[SHOW HN] New ethereum dapp Blocklord just launched, thoughts? - davodesign84
https://www.blocklord.co
======
davodesign84
From the reddit launch post:

Blocklord is Ethereum's 1st Decentralized Planet Earth where every corner of
the planet has been tokenised on the Ethereum Blockchain, and can be
customised and traded.

ABOUT BLOCKLORD Blocklord subdivides and tokenises every corner of planet
Earth. You can own, customise and trade blocks of land on the blockchain.

Each token, or block, can be personalised with image, text, a link to your
personal or commercial website an so on.

You could own Times Square, the Tour Eiffel, your office or the place where
you met your significant other, and customise each block to your liking,
leaving your mark forever on the blockchain.

Blocks can be re-sold or rented out to tenants who might want to temporarily
advertise on your blocks, generating real world income.
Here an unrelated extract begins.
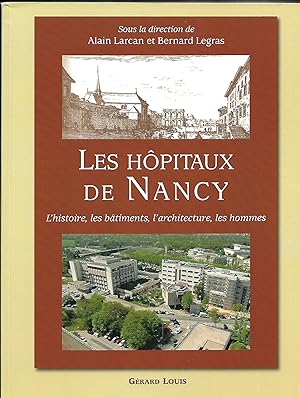 Les HÔPITAUX de NANCY - l'histoire, les bâtiments, l'architecture, les hommes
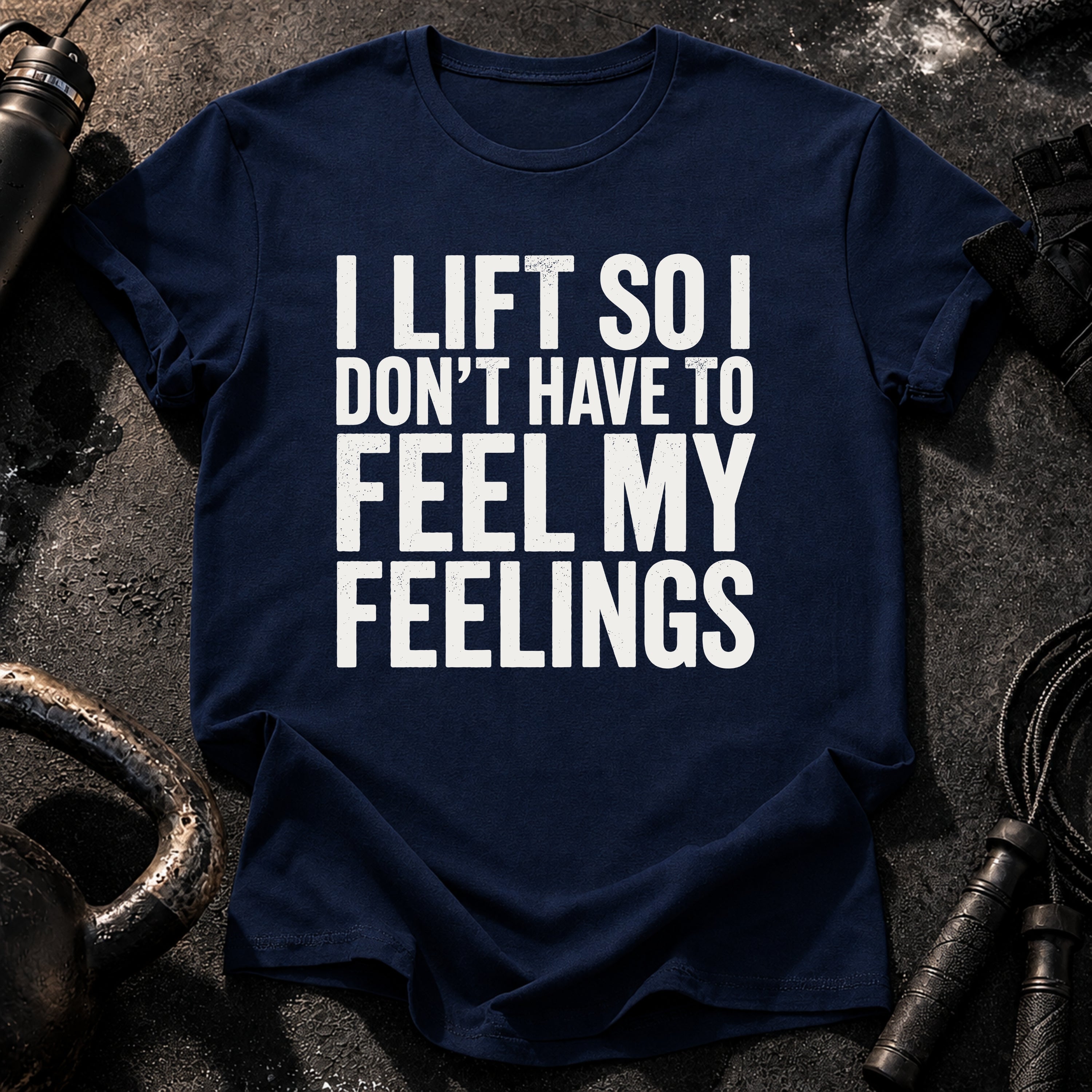 Can't Feel Feelings T-Shirt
You can earn value in 4 different ways. 1) You can decide to resell a block
for a price of your choice (e.g. you buy for 0.1 ETH and can sell it for
0.12ETH for 20% profit) 2) Other players can decide to buy you out without
your consent, they would need to pay at least double what you paid for, this
is to retain liquidity in case somebody bought, say the White House, and then
decided not to play the game anymore. 3) You can rent your block, for a daily
fee another player can decide to put their data on the block. Imagine a coffee
chain would want to advertise a campaign on the blocks where their premises
are.

What do you guys think? How would you use it? Any feedback would be great!

------
davodesign84
Full disclosure, I'm the creator :P